Wednesday, March 18, 2009

The New Ferris Bueller

This is the way it works: parents are always such a mess, the kids are raising themselves and there's no one to help when you feel depressed, get pounded by the school bully, become suicidal, sexually active, and need help to quit smoking, too. Considering how dreadful life is as a teen, how fraught with disaster family life is, how miserable school culture is, it's no wonder teens need Prozac, Ritalin, Xanax, Paxil, or even a few beers now and then. Along comes Charlie Bartlett, kicked out of most of New England's prep schools, to the local public high school. Charlie's wealthy family has a psychiatrist on call, so Charlie knows more than most about your general psychological troubles and is willing to prescribe drugs from his own medicine chest, well-supplied by his own doctors.

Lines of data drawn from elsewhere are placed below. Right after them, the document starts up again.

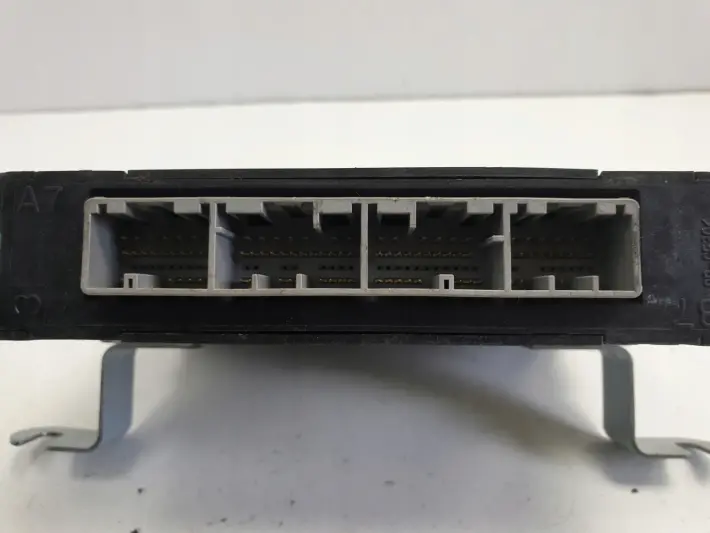 Liana 1.6 B STEROWNIK SILNIKA Komputer 33920-68JA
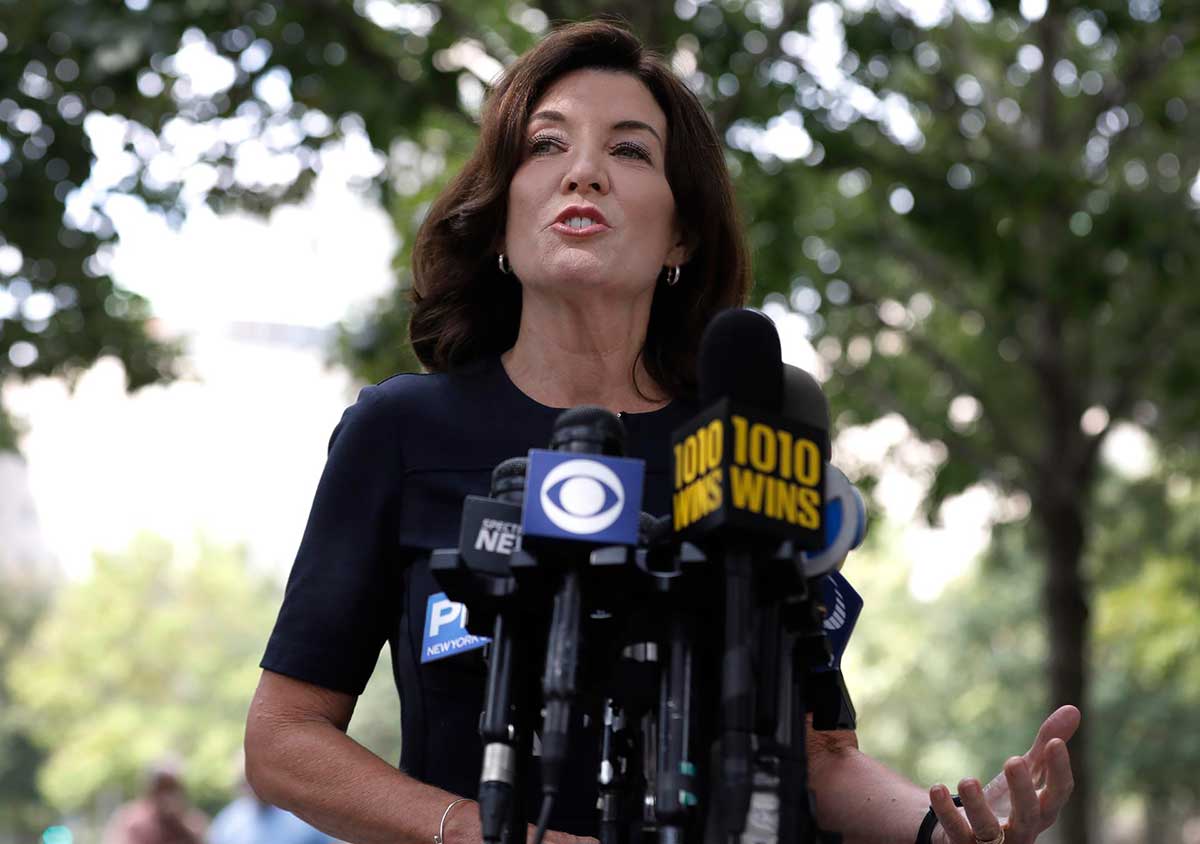 Ayuda por 27 millones de dólares a inmigrantes afectados por Ida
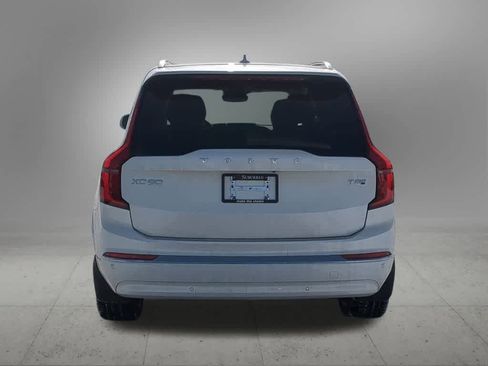 Used 2025 Volvo XC90 T8 Ultra w/ Protection Package Premier image 5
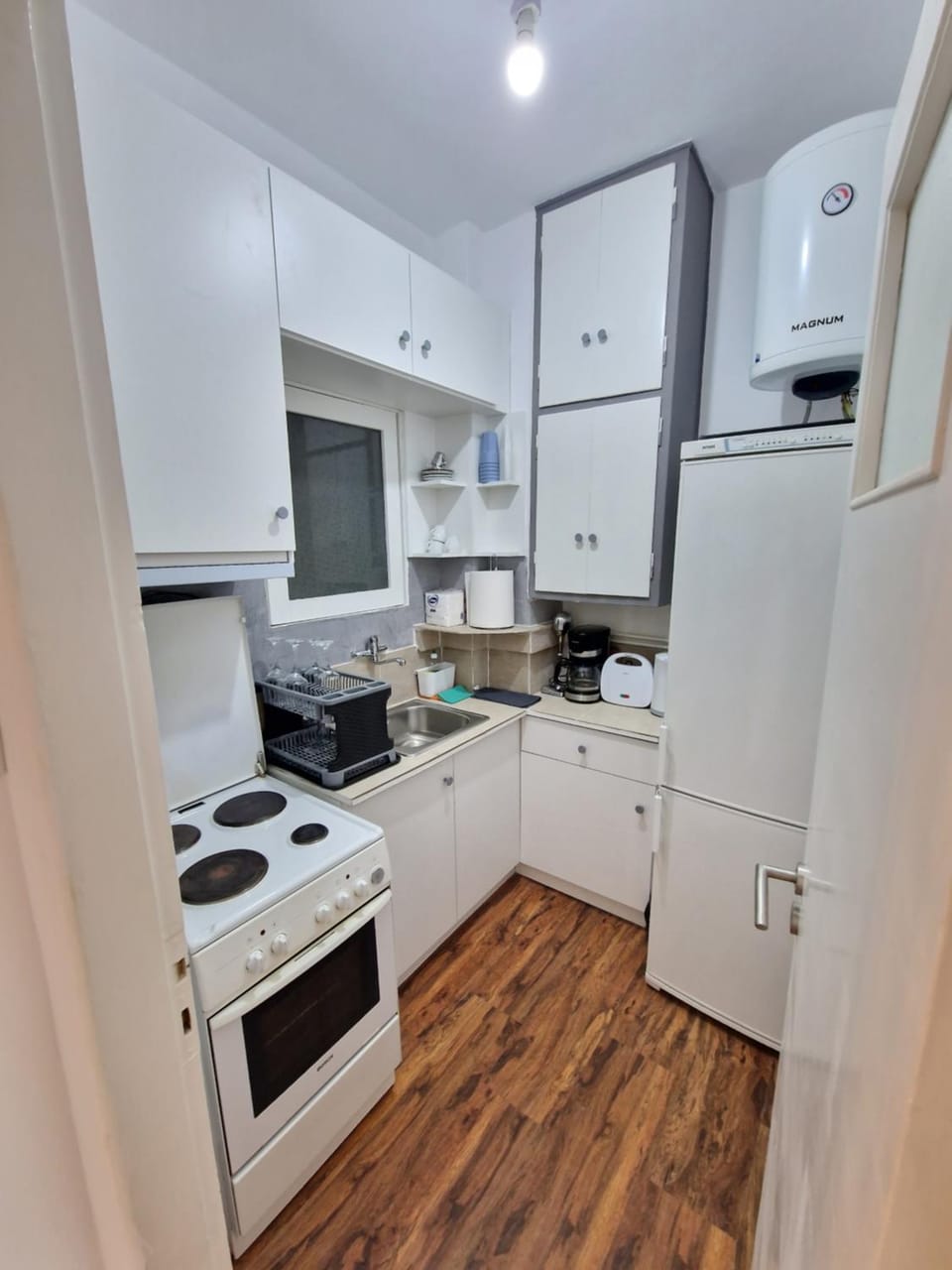 Kitchen or kitchenette, dishwasher, minibar, oven, stove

More than anything Charlie wants to be popular, to fit in, to be accepted. And apparently this is just one scheme in a long line of schemes to be well-liked by his peers. This one only lasts until the first overdose. But it does get Charlie the popularity he's dreamed of. The young and appealing actor, Anton Yelchin, plays Charlie quite well, just a touch short of annoying child star. Whether Yelchin was a child star, I don't know. But he is very talented here, and it's refreshing to see this generation-next Ferris Bueller played by an obvious teenager, not a 22-year-old. Robert Downey, Jr., plays the principal you really feel pity for, especially as Charlie does him the favor of keeping his school in order. For the first time I can remember, this film makes the teenager's worst enemy, the high school principal, one of the most sympathetic characters you'll ever meet.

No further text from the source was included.